I’m back at the house. I don’t remember whether I walked or took a carriage after the boat docked. They are bringing Elizabeth’s body here, I know that. The lawn is still strewn with the debris of the wedding breakfast. A string of coloured paper flags, hanging lank in the dew. An ashtray with the squashed stubs of cigars nestled in damp ash. A champagne coupe lies trodden into the flower bed. Amazingly, it seems unbroken, a perfect crystal of aqueous brilliance in the blue shadows under the bushes.The theory here is that the whole book is a dialogue between you and Victor Frankenstein. So unless you’re the type who uses the time the other person talking to think about what you're going to say next, you are going to read it without skimming. (I said it’s a theory.)
* Pick it up.
* You have to talk to your father.
Another option, which I discussed in a post a while back, is to go with a third-person viewpoint. The trouble is, this tends to jerk the reader out of the story every few paragraphs in order to force them to take an authorial role. I was interested in it as an experiment but, as Paul Mason rightly pointed out, it breaks the experience. In order to get the reader to read all the text, we need the interactivity to mesh seamlessly with the prose. One minute I’m curious to see what Cugel does, the next I’m being asked to decide what he does. In Frankenstein there’s a justification for making choices in that you are Victor’s confidant. Confidants exist within a story; authors (though not narrators) exist outside them.
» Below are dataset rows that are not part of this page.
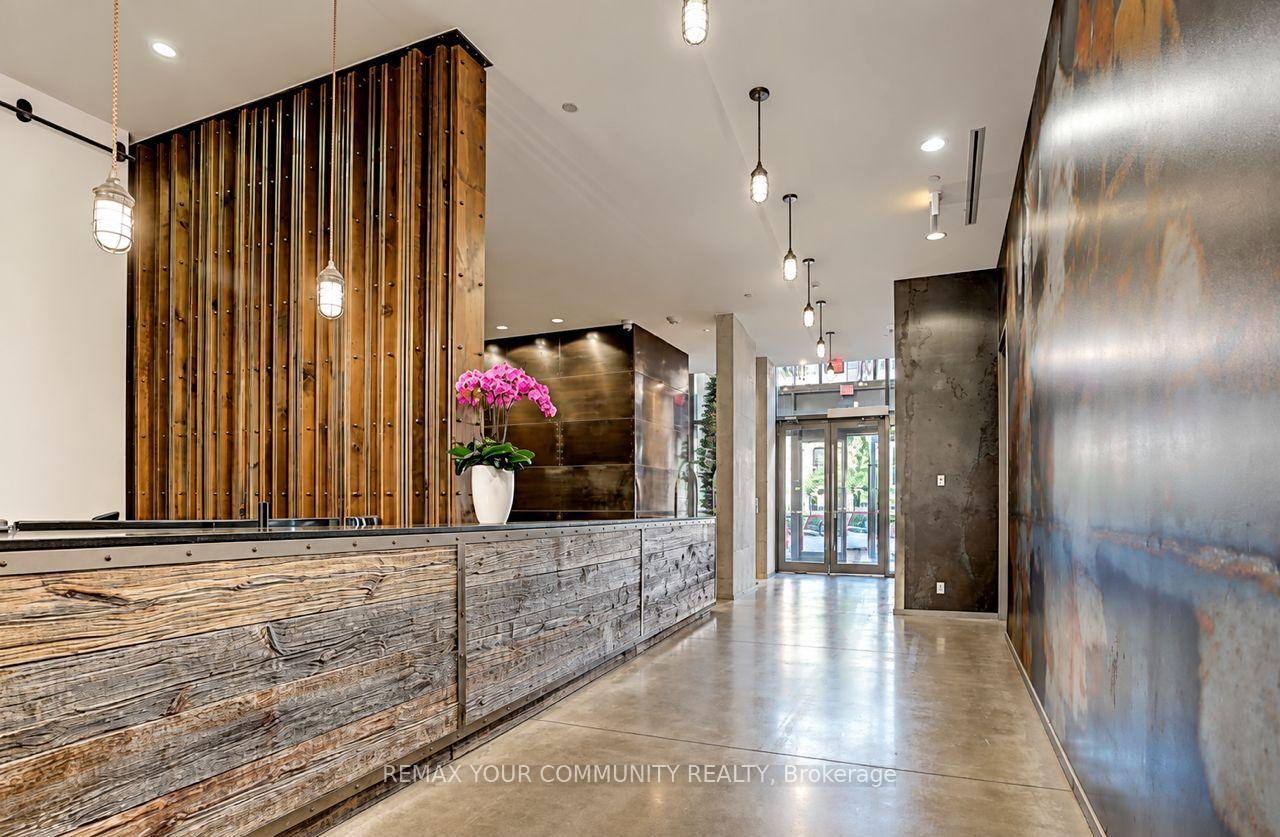 Photo 2 of Unit 1708, 5 St Joseph Street, Toronto, Bay Street Corridor — HOMEH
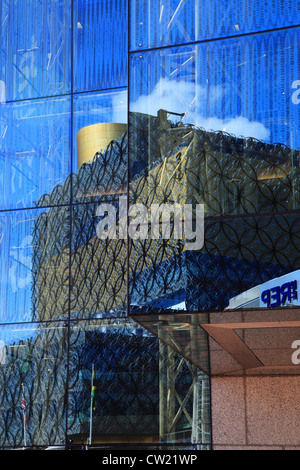 La nouvelle Bibliothèque réflexions dans le Symphony Hall de l'immeuble de la CCI, Centenary Square, Birmingham Banque D'Images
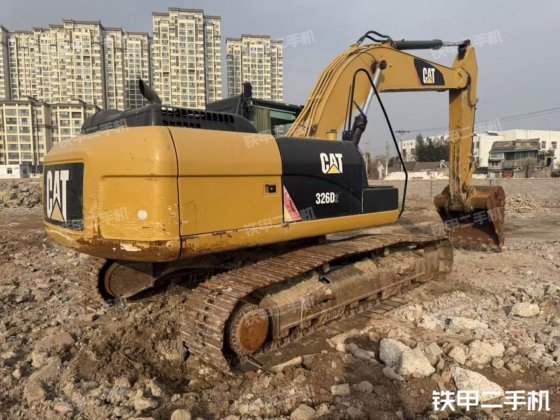 2018年 キャタピラー 326D2 L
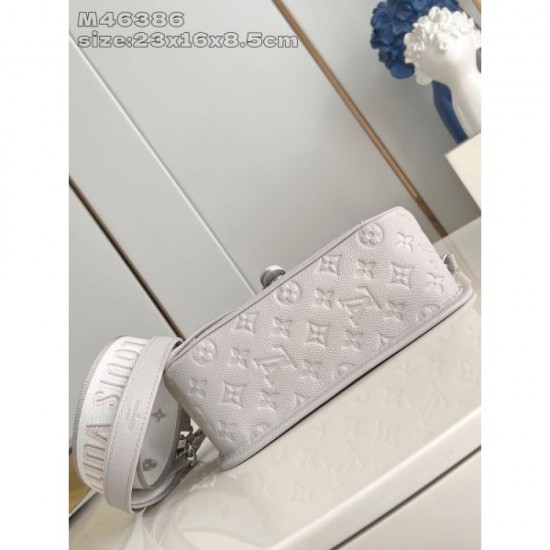 2025SS Shoulder Bag LOUIS VUITTON Louis Vuitton Very popular and not available in Japan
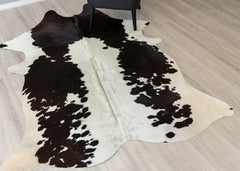 Black And White Cowhide Rug (Size: 210 X 170 CM)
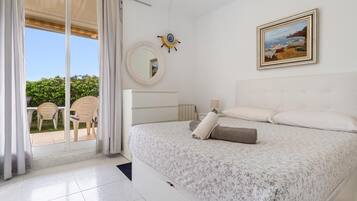 3 bedrooms, iron/ironing board, internet, bed sheets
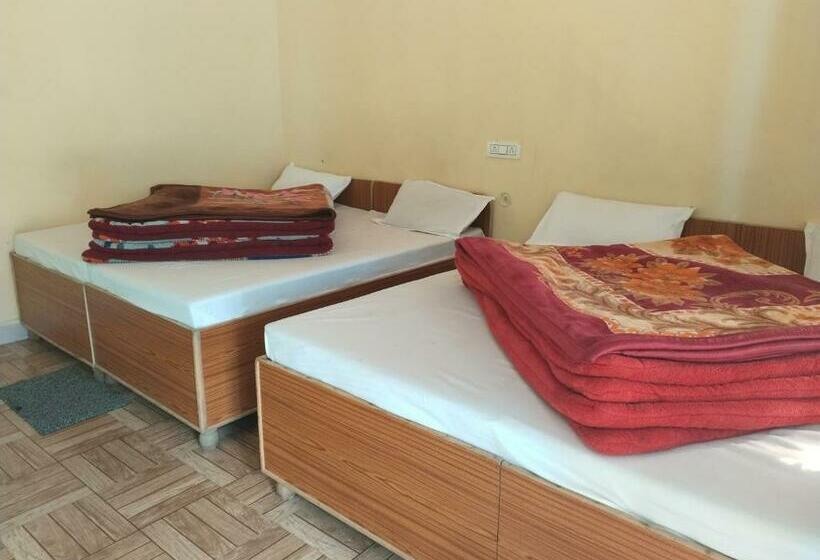 スタンダードトリプルルーム, King Of Himalaya Homestay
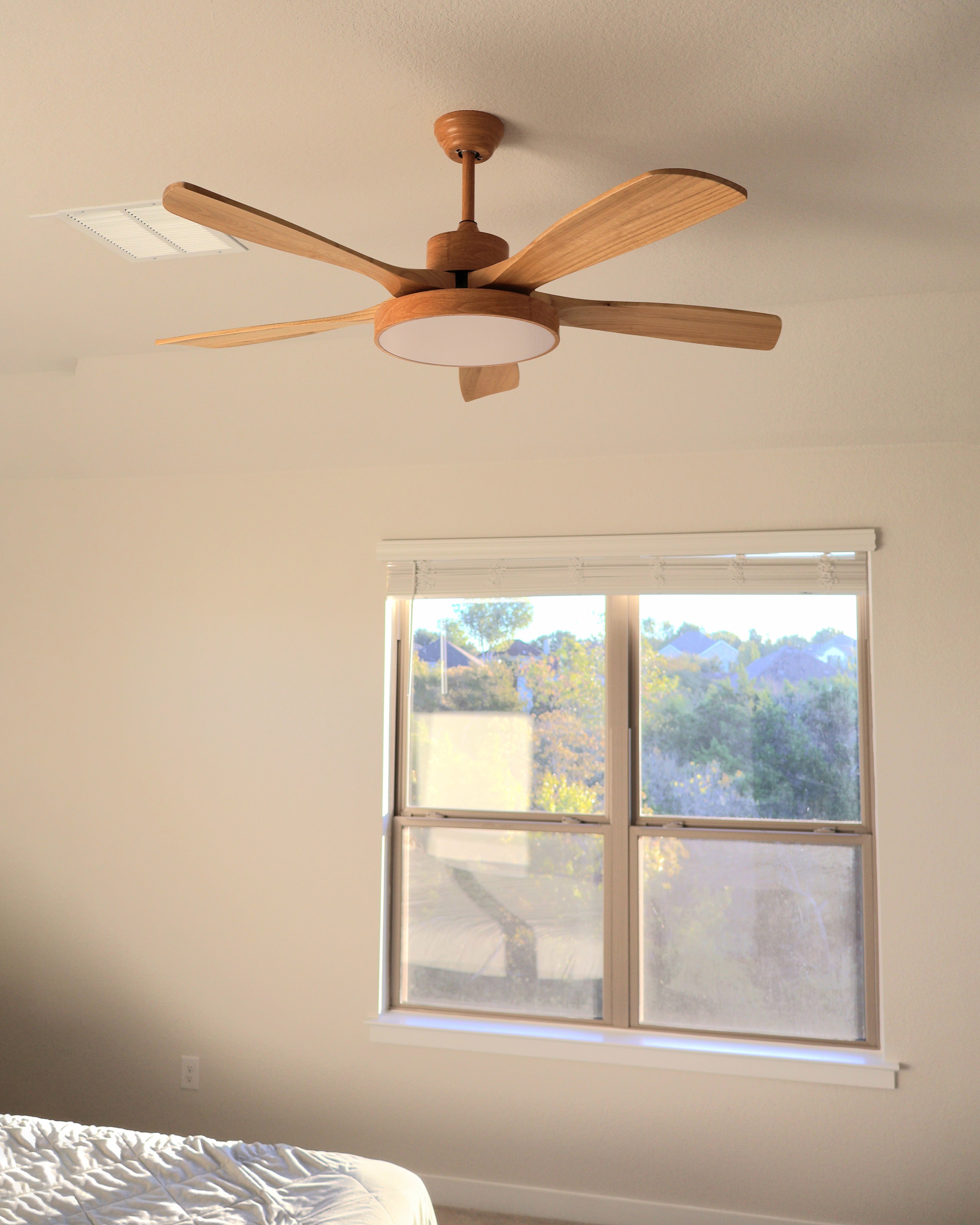 WOMO Scandi Wende-Deckenventilator mit Licht-WM5002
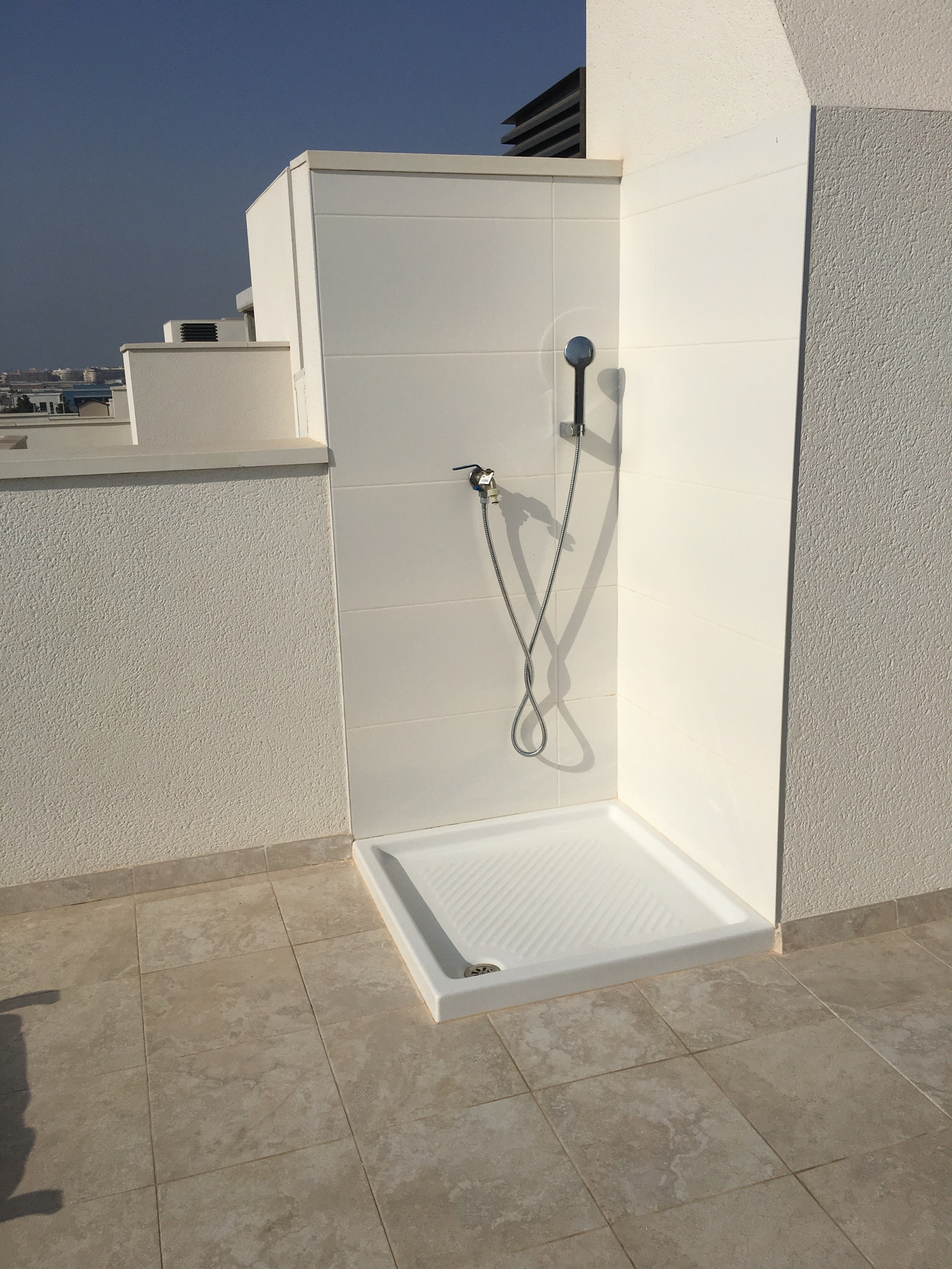 Takterrasse, utedusj Galleribilde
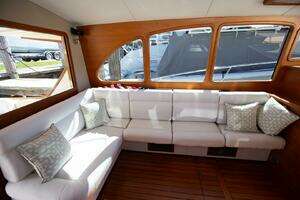 2017 Palm Beach Motor Yachts PB42 thumbnail 16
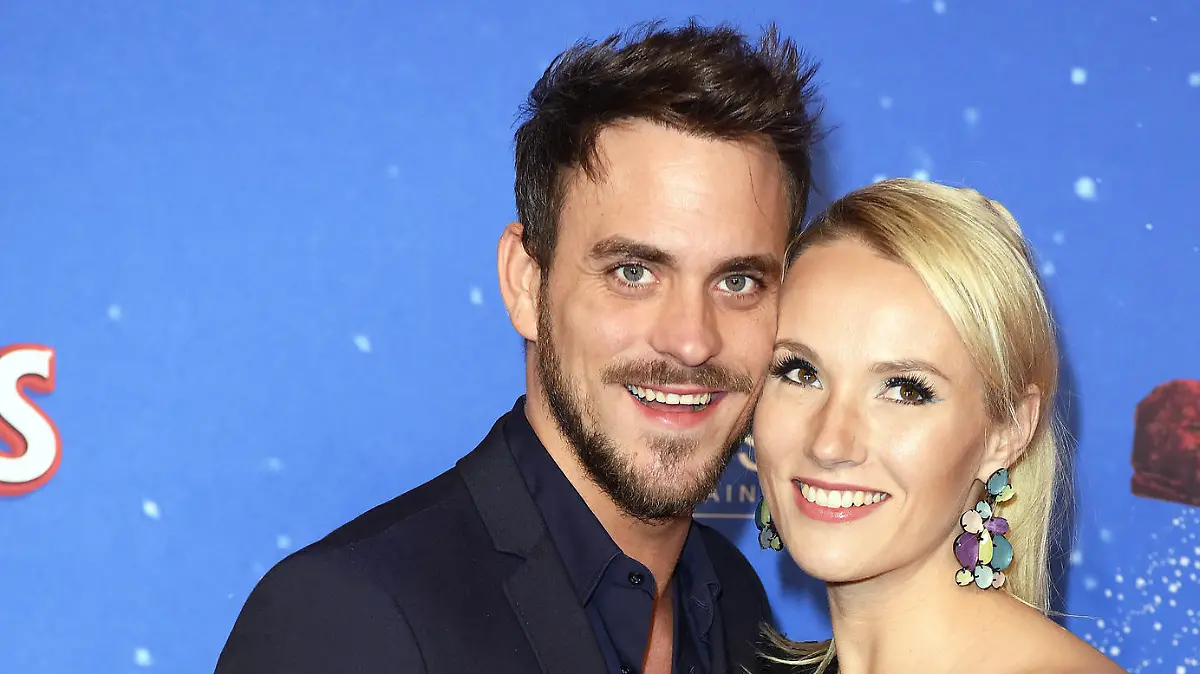Mary Poppins musical premiere at Stage Theater an der Elbe.

Featuring: Anna Hofbauer mit neuem Freund Marc Barthel
Where: Hamburg, Germany
When: 25 Feb 2018
Credit: WENN.com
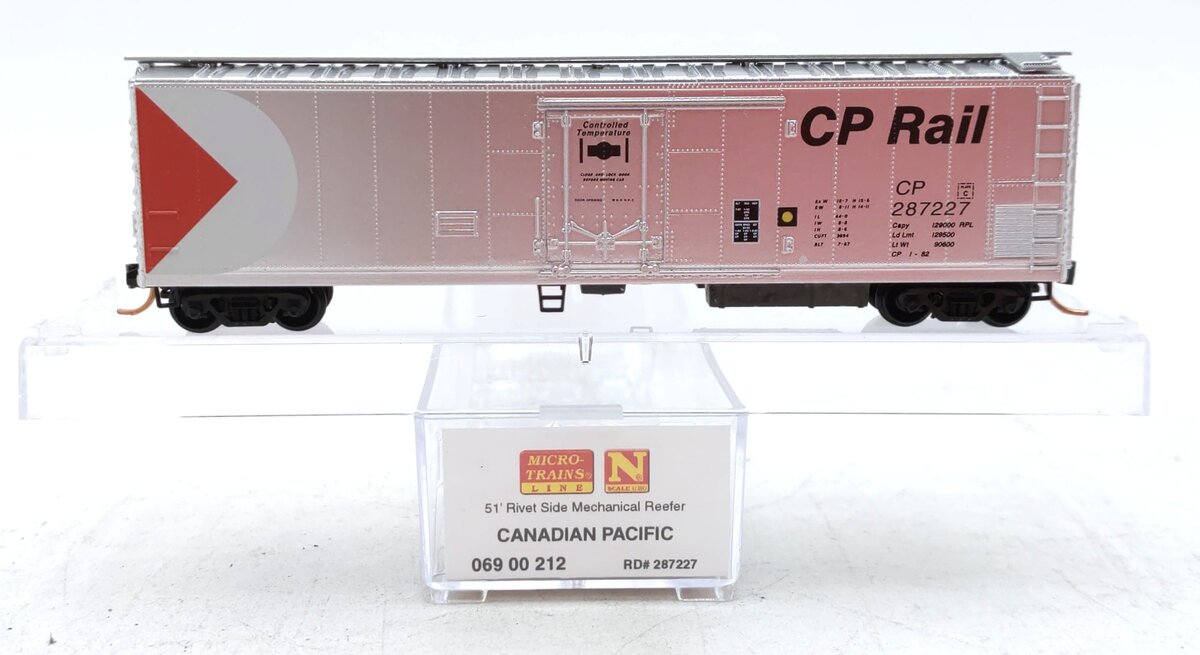 Micro-Trains 069 00 212 N Canadian Pacific Reefer #287227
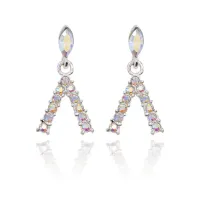 Серьги V с прозрачными стразами UD261-W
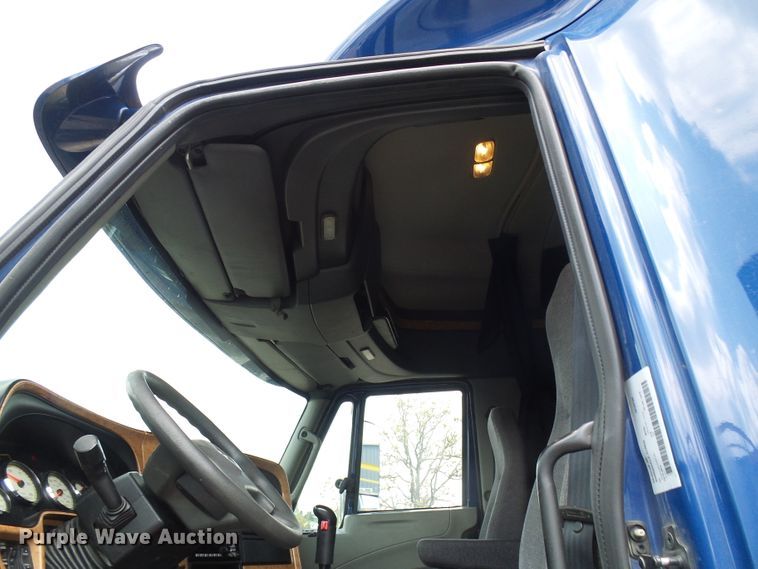 image for item DN6748 2012 International ProStar  truck tractor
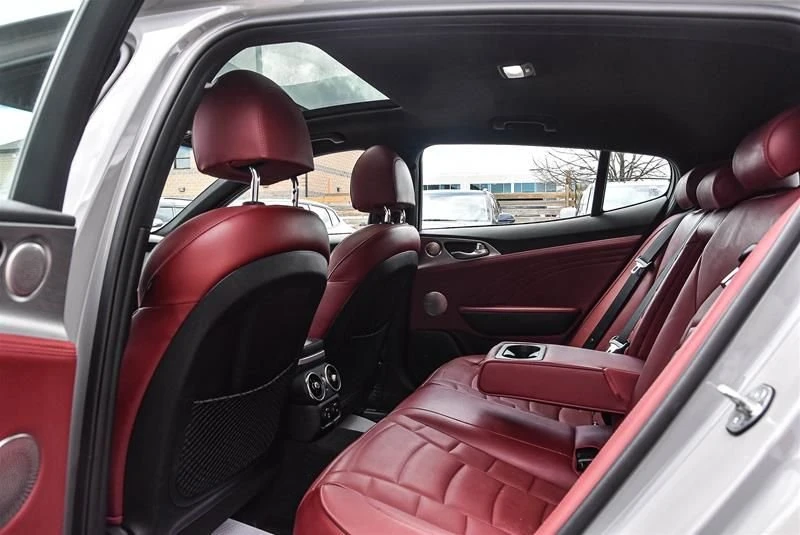 2023 Kia Stinger GT - Image 9 of 18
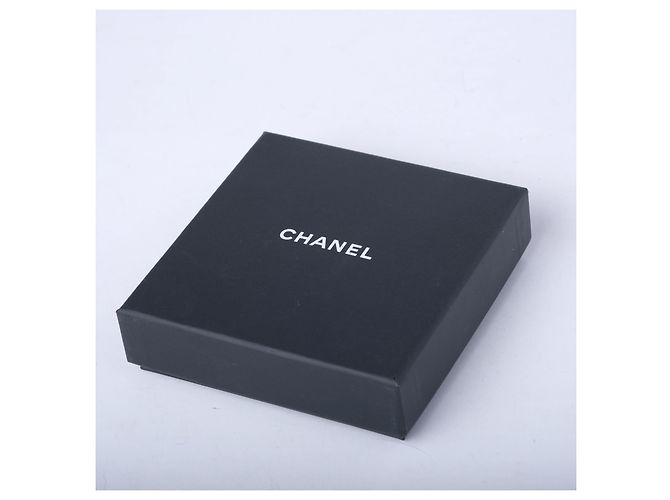 Timeless Chanel Perlenarmband in Mehrfarben mit CC-Logo-Anhänger - Ansicht 7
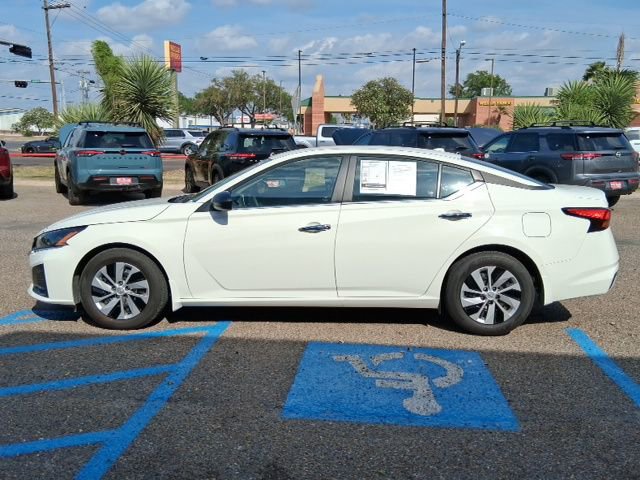 Certified 2025 Nissan Altima 2.5 S FWD image 3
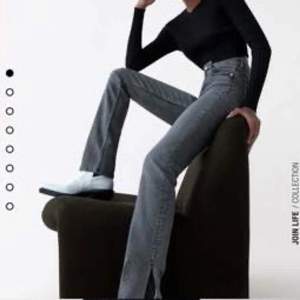 gråa tajta jeans med slits från zara, använda fåtal gånger. frakt ingår inte i priset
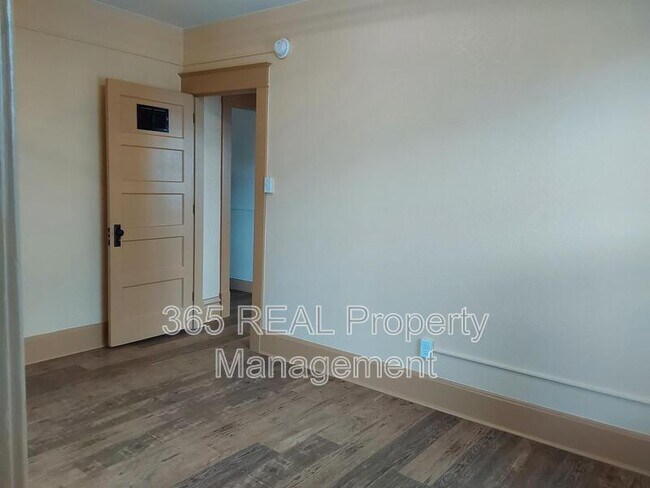 Building Photo - 2018 10th Ave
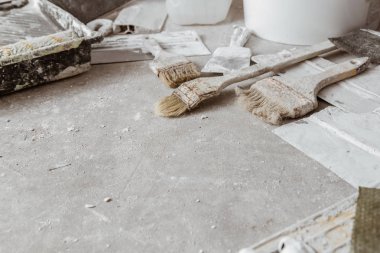 Odalar beton zemin kaplama için araçları. Arka plan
The only early-80s gamebooks written with a real narrative voice were Herbie Brennan’s Grailquest series, probably because Mr Brennan already had a dozen years’ writing experience when he started them. I have a feeling that when those books appear in digital form, readers won’t be nearly so likely to skim the text. And, happily, we should find out for certain very soon.
Possibly the best advice, then, is to write interactive literature with the same depth you would give to any mainstream novel. The final word goes to Michael Moorcock, whose tip on how to write original fantasy/SF could apply equally to writing interactive literature:
"[This advice] was given to me by TH White, author of The Sword in the Stone and other Arthurian fantasies [...] Read everything you can lay hands on. I always advise people who want to write a fantasy or science fiction or romance to stop reading everything in those genres and start reading everything else from Bunyan to Byatt."